___ Available data ___
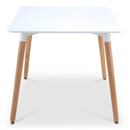 Dining Table 4 Seater Square Replica DSW Cafe Kitchen White 80cm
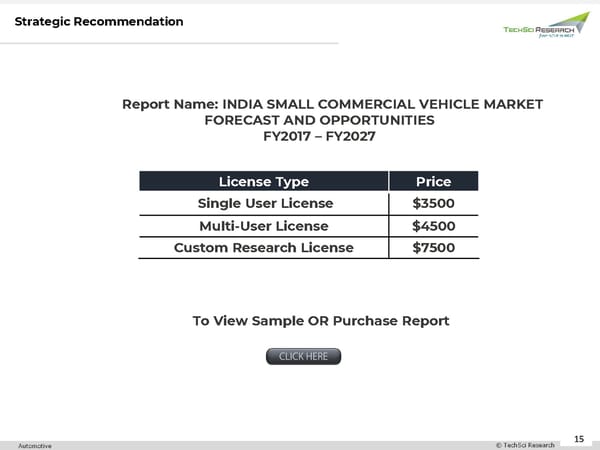 India Small Commercial Vehicle Market 2027 - Page 15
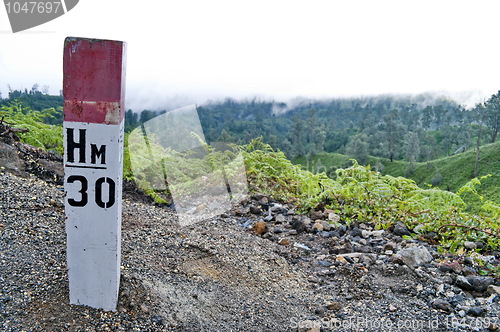 Image of Mountain hiking sign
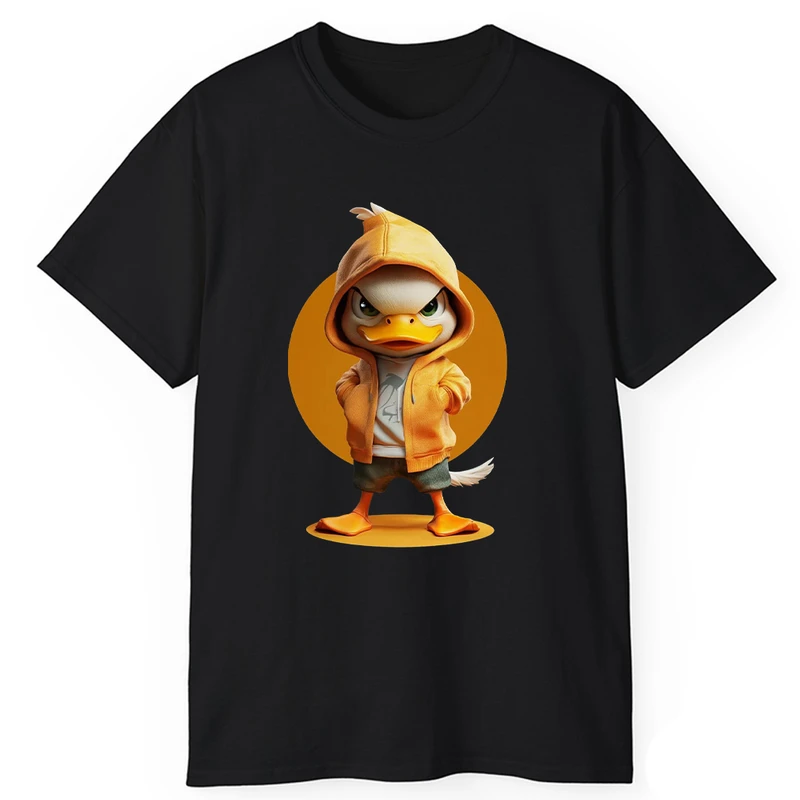 تی‌شرت آستین کوتاه مردانه پاد آفرین مدل جوجه اردک 3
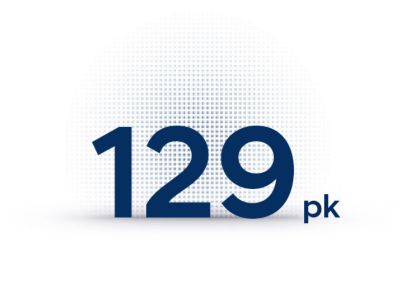 The number 141 and the letters HP.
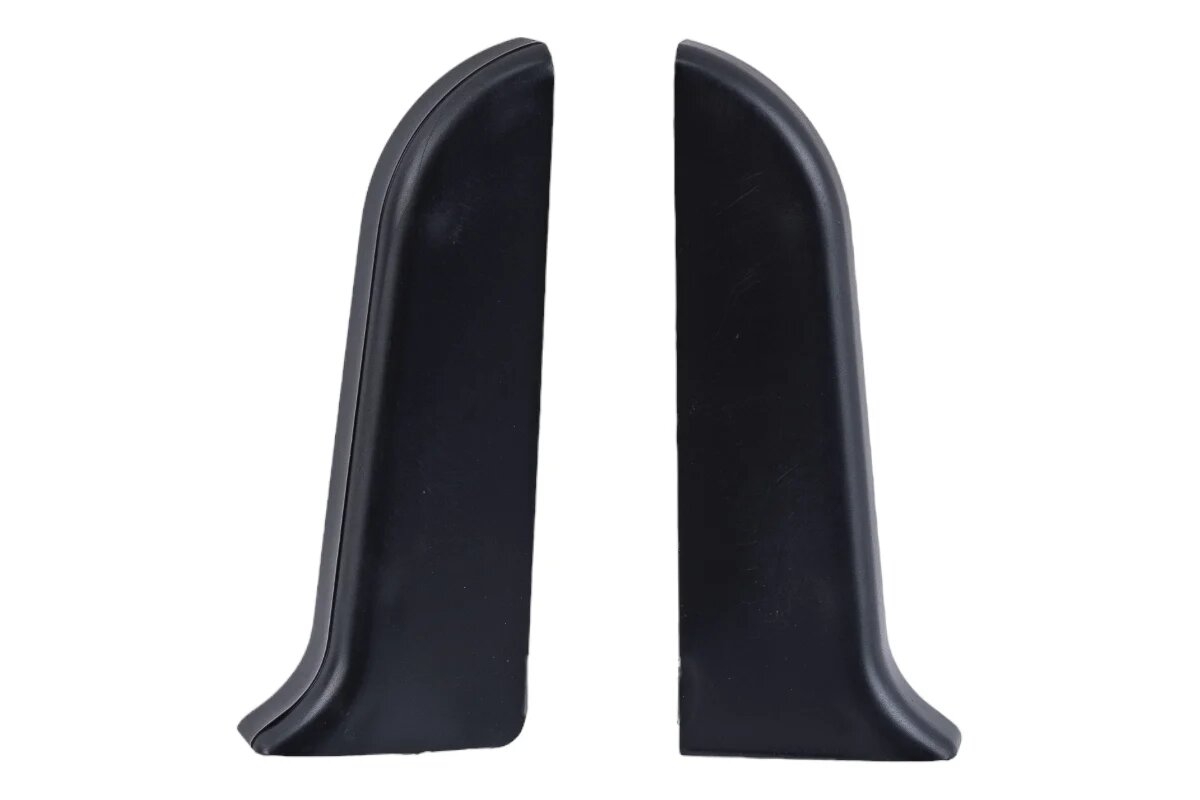 Торцевые заглушки для плинтуса IDEAL Классик 55 мм 007 черный К-П55-Тп-Ф1 007 ЧЕР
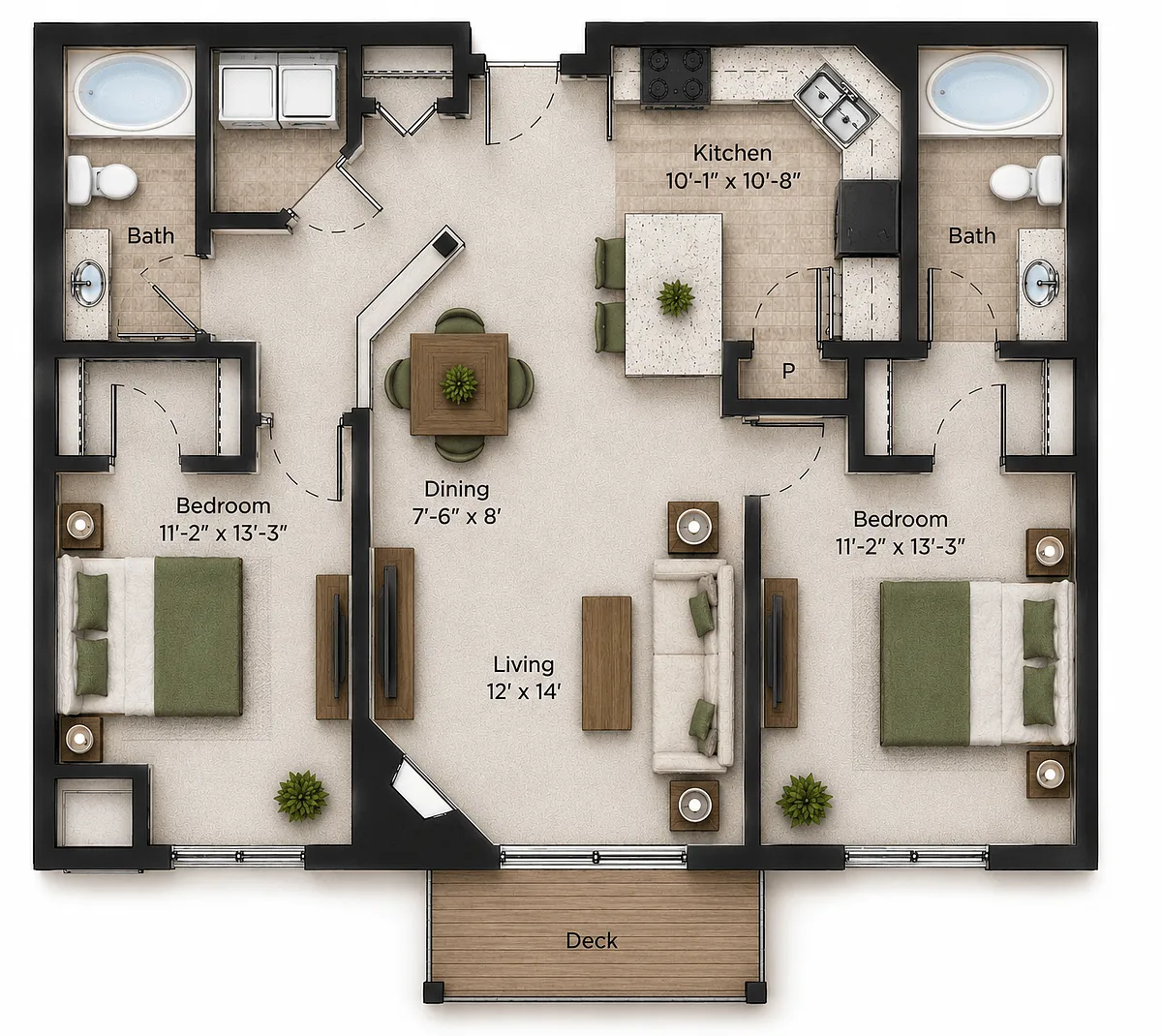 Floor plan Maple A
___
▶ [Directions for this task]: The material must be returned exactly, with its pictures omitted.

▶ [Reply]:
 Dining Table 4 Seater Square Replica DSW Cafe Kitchen White 80cm
 India Small Commercial Vehicle Market 2027 - Page 15
 Image of Mountain hiking sign
 تی‌شرت آستین کوتاه مردانه پاد آفرین مدل جوجه اردک 3
 The number 141 and the letters HP.
 Торцевые заглушки для плинтуса IDEAL Классик 55 мм 007 черный К-П55-Тп-Ф1 007 ЧЕР
 Floor plan Maple A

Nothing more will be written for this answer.